AMD CPU speculation... and expert conjecture

ColinAP · Mar 4, 2014

gamerk316 :

How times have changed. </deadpan>

gamerk316 · Mar 4, 2014

ColinAP :

Edison was brilliant at taking the research others had done, turning it into a product, patenting it to death, then selling it. As an inventor, he was so-so at best.

Things are actually getting interesting now. Universities are starting to patent the underlying tech they discover, which is going to break current product models over the long haul. I can't stress how big a deal this is.

Cazalan · Mar 4, 2014

gamerk316 :

Sounds like a show I just watched on Leonardo Da Vinci. Many works he has been credited with, the tank, the helicopter, various flying devices, were all made 50-100 years before him. He just improved the designs and had better drawings. Which is great on it's own, but it shows how people tend to idolize certain individuals regardless of their true achievements.

Cazalan · Mar 4, 2014

de5_Roy :

Getting re-releases of Kabini when we should be getting Mullins? :pfff:

de5_Roy · Mar 4, 2014

Cazalan :

this launch seems to be region specific.
that, and i don't see mullins making much headway in the face of impending bay trail flood (eagerly subsidized by intel). it'd be a good chip, but amd doesn't have enough money to pay the oems.
i have lowered(than usual) my cpu-expectations from both red and Blue this year
http://www.fudzilla.com/home/item/34107-semiconductor-sales-rebounded-in-january

edit: i blame the tn panel for color-blindness!

Cazalan · Mar 4, 2014

de5_Roy :

To me it sounds like AMD is having trouble getting OEMs to foot the bill for the APUs. So they're going back to tried and true sockets. Even though it should be cheaper for the BGA product. Things like the KBN-I/5200 have remained out of stock. I was going to buy one a while ago but they took about 6 months too long to show up.

http://www.newegg.com/Product/Product.aspx?Item=N82E16813135363

I was expecting these to be much cheaper than they currently are. The chips are tiny compared to Kaveri. If the rumored price reduction for Win8 for small systems is true then this segment could take off again.
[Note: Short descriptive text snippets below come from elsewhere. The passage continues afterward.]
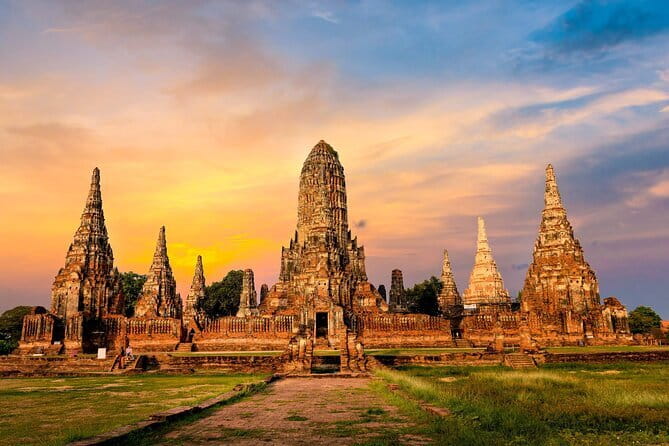 Ayutthaya, Damnoen Floating & Maeklong Railway Market Day Tour - Who should book this tour (and who should choose something else)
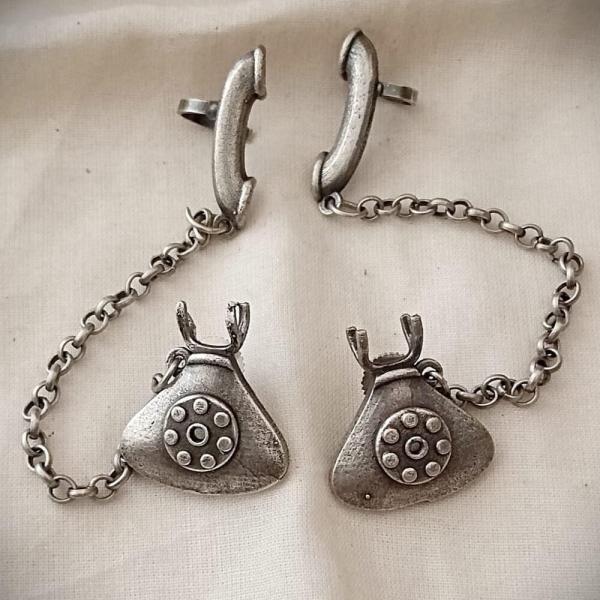 Telephone Hoops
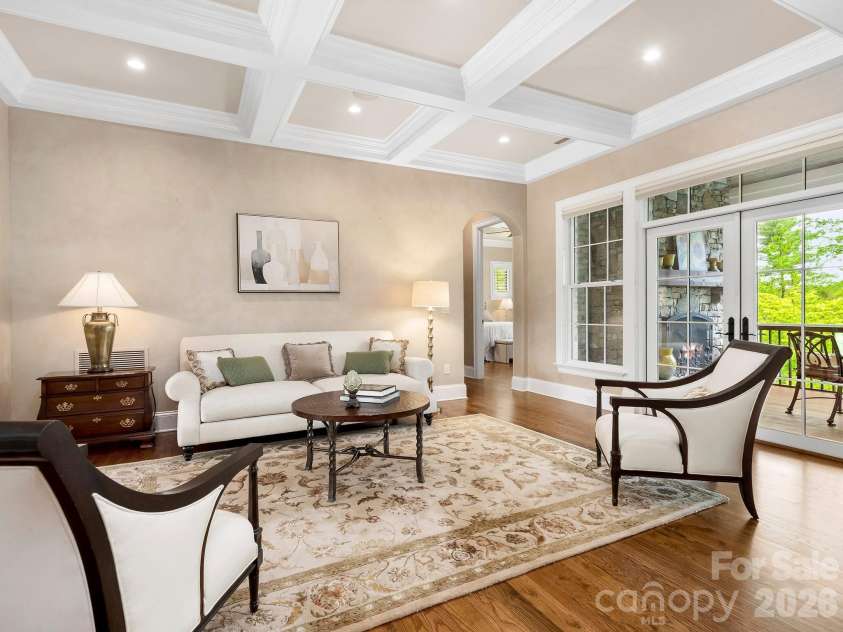 29 Stansbury Drive, Asheville, NC 28803.  MLS# CAR4373945, YatesRealty ID 25823. 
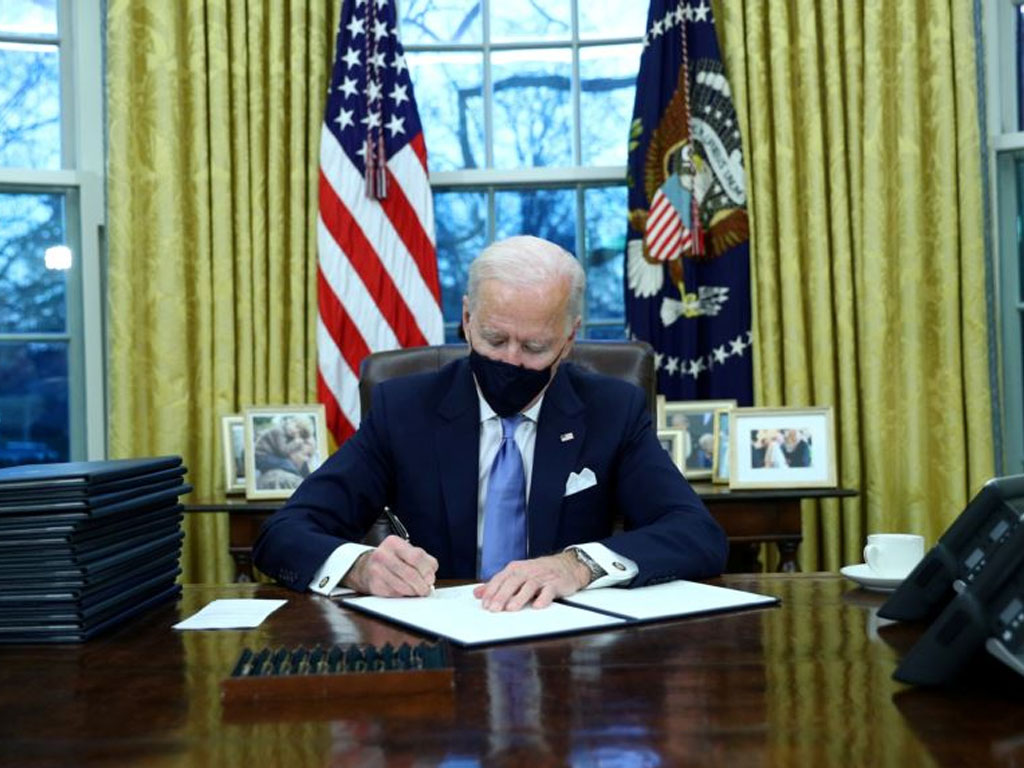 biden di gedung putih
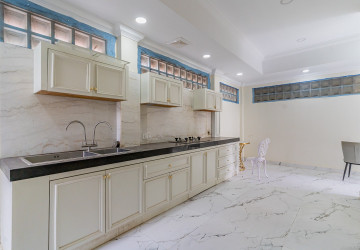 7 Bedroom Villa For Rent - Sen Sok, Phnom Penh thumbnail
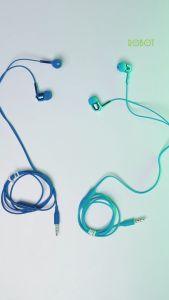 Headset Robot RE40 Headset Wired Earphone Full Electroplated Original - Garansi 1 Tahun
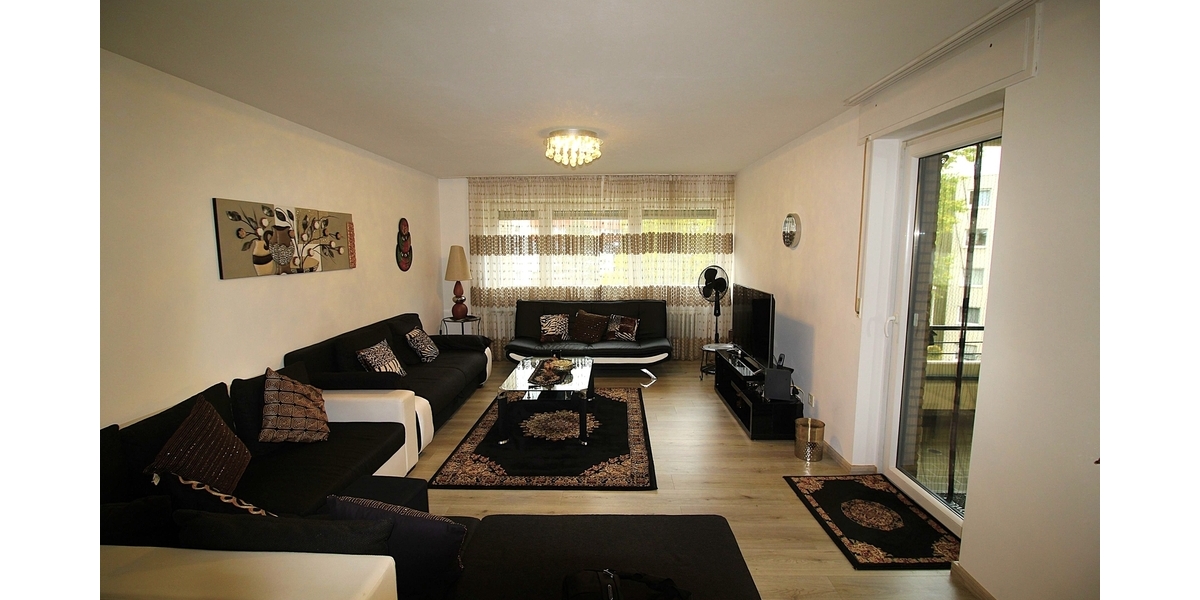 Sofort bezugsfrei! Gut geschnitten! Barrierearm! 4 Zimmer-Wohnung mit Balkon und TG-Stellplatz. - Etagenwohnung Bonn / Tannenbusch Tannenbusch | Angebot:26948123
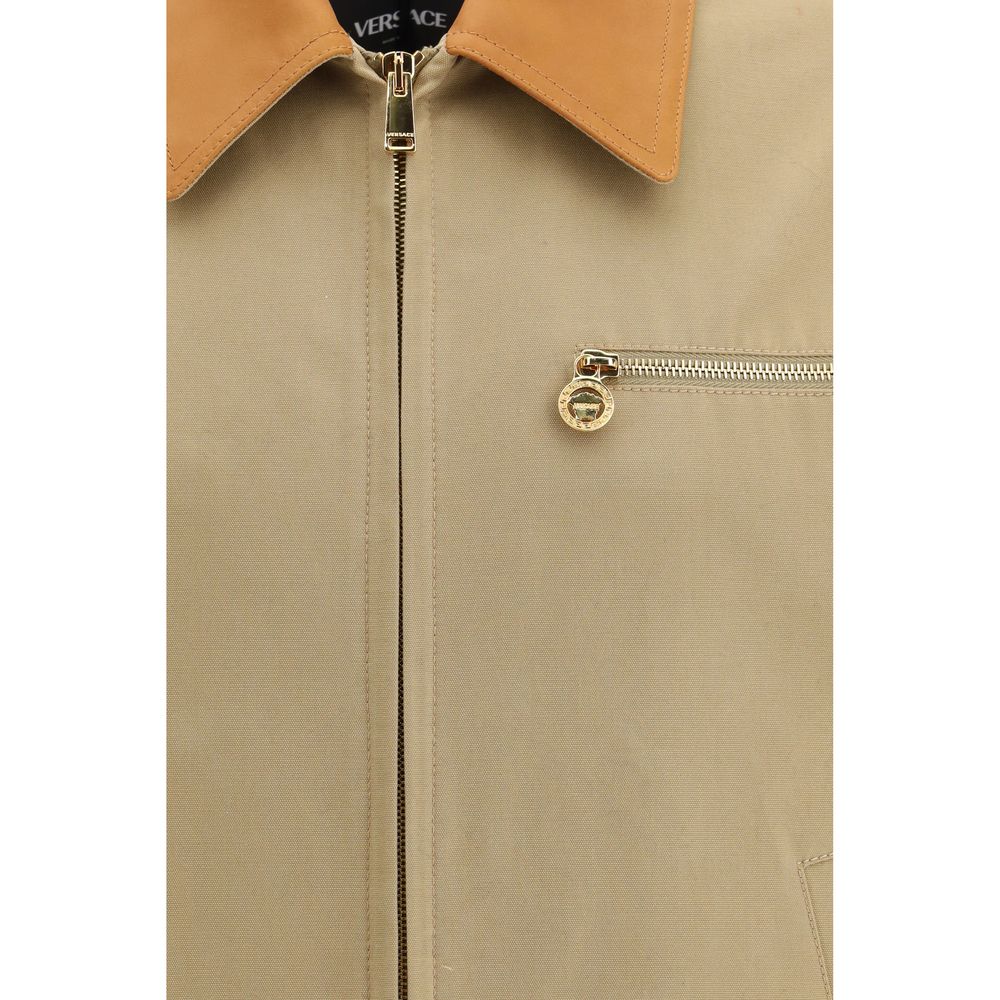 Jacket by Versace for men in cotton cupro & leather beige showcases a enveloping silhouette, artfully detailed with a enveloping and premium pockets for a truly enveloping finish.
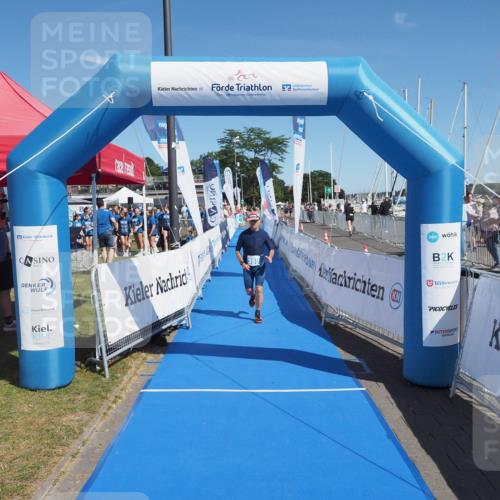 17.08.2025 - KN Förde Triathlon 2025 MichiJ http://msf.ph/oto/8608741 17.08.2025 12:27:59 Laufen 359 meine-sportfotos.de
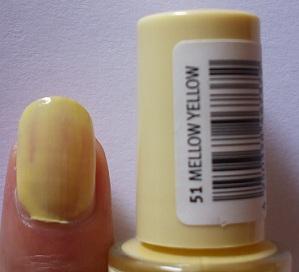 Smalti Essence swatch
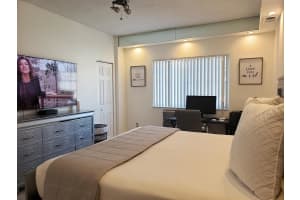 2107 SE 10th Ave, Fort Lauderdale, FL 33316, Sold 05/14/21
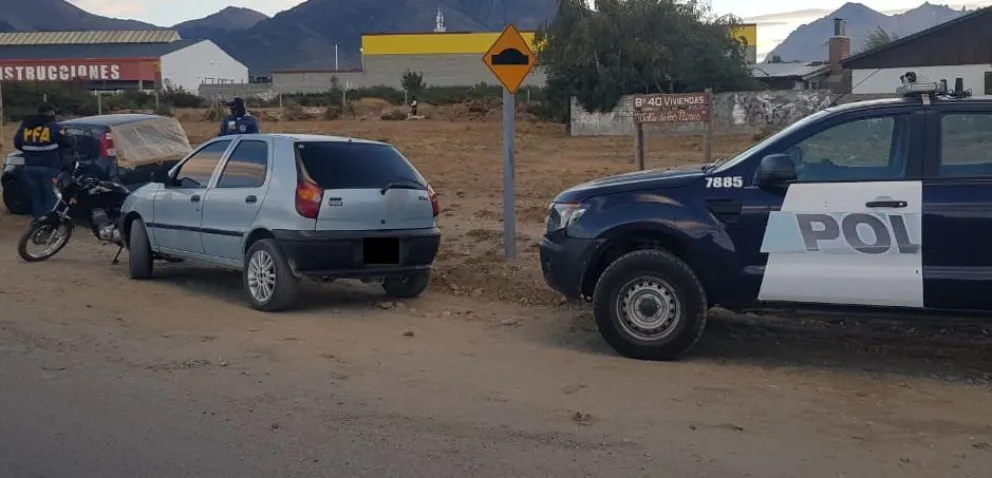 Les arruinaron el negocio: atrapados en pleno delivery de drogas
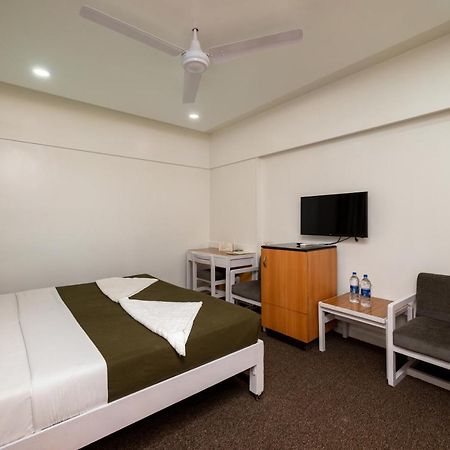 Hotel Balwas International มุมไบ ภายนอก รูปภาพ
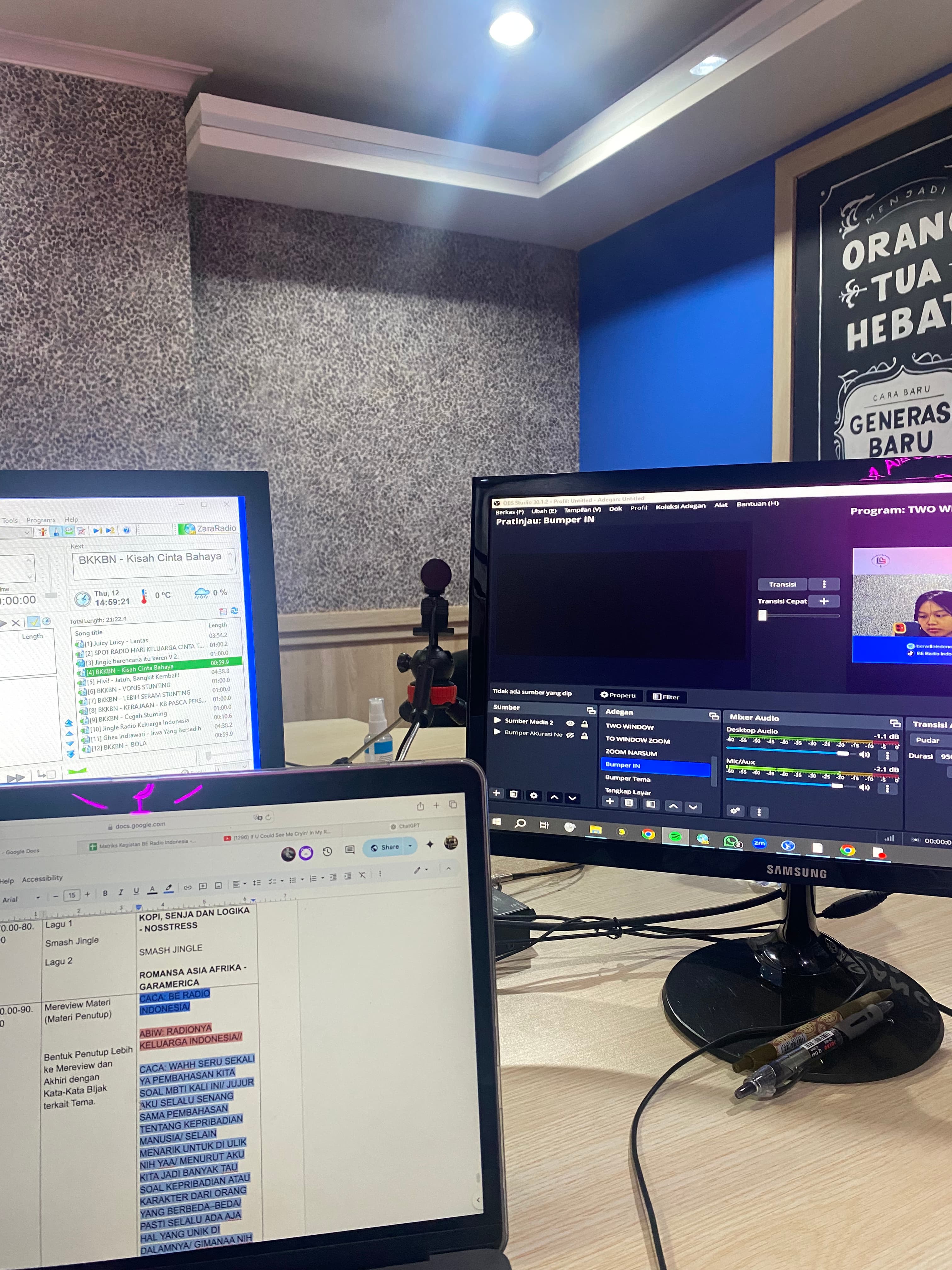 Dokumentasi suasana lingkungan kerja selama menjalani pengalaman sebagai Radio Announcer di BE Radio BKKBN.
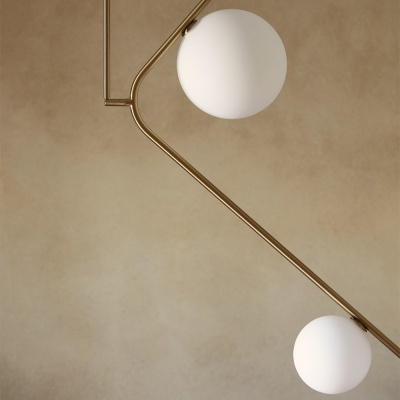 Candeeiro de teto dourado com duas esferas brancas opacas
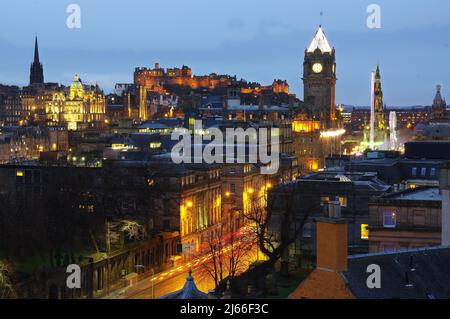 Blick auf die Altstadt von Edinburgh mit Castle und Balmoral Hotel, Edinburgh, Schottland, Großbritannien Stockfoto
Edit: They really should have predicted this push-back from the OEMs and offered this socket much earlier in the life-cycle.

con635 · Mar 4, 2014

jdwii :

Thanks, good read, it fits in with the amd roadmap, kaveri = greater parallelism, carizzo = more performance, think the next apu will get upgrades on the cpu side rather than gpu. Hope so anyway, was all set to buy kaveri this month but think I'll just add a dgpu to my trinity and wait a little longer.

gamerk316 · Mar 4, 2014

http://www.extremetech.com/computing/177099-secrets-of-steamroller-digging-deep-into-amds-next-gen-core

Probably the most important tidbit:

Improved branch prediction, however, doesn’t seem to deliver the performance gains we would’ve liked to see. Instruction fetch is the next area to consider — though we can’t benchmark it directly. Agner’s tests, however, may shed some light on the problem. According to his work, the fetch units on Bulldozer, Piledriver, and Steamroller, despite being theoretically capable of handling up to 32 bytes (16 bytes per core) tops out in real-world tests at 21 bytes per clock. This implies that doubling the decode units couldn’t help much — not if the problem is farther up the line. Steamroller does implement some features, like a very small loop buffer, that help take pressure off the decode stages by storing very small previously decoded loops (up to 40 micro-instructions), but the fact that doubling up on decoder stages only modestly improved overall performance implies that significant bottlenecks still exist.

And the conclusion:

At the same time, however, it’s also clear that dual decoders wasn’t the fix that many AMD enthusiasts were hoping it would be. L1 cache contention remains problematic, as does the low set associativity. Integer throughput is poor partly because only two of Steamroller’s four integer pipelines are practically useful for most work. The long pipeline ensures that branch prediction misses will always hit the chip hard. The chip’s L2 latency remains much higher than its Intel counterpart and its memory controller is much slower.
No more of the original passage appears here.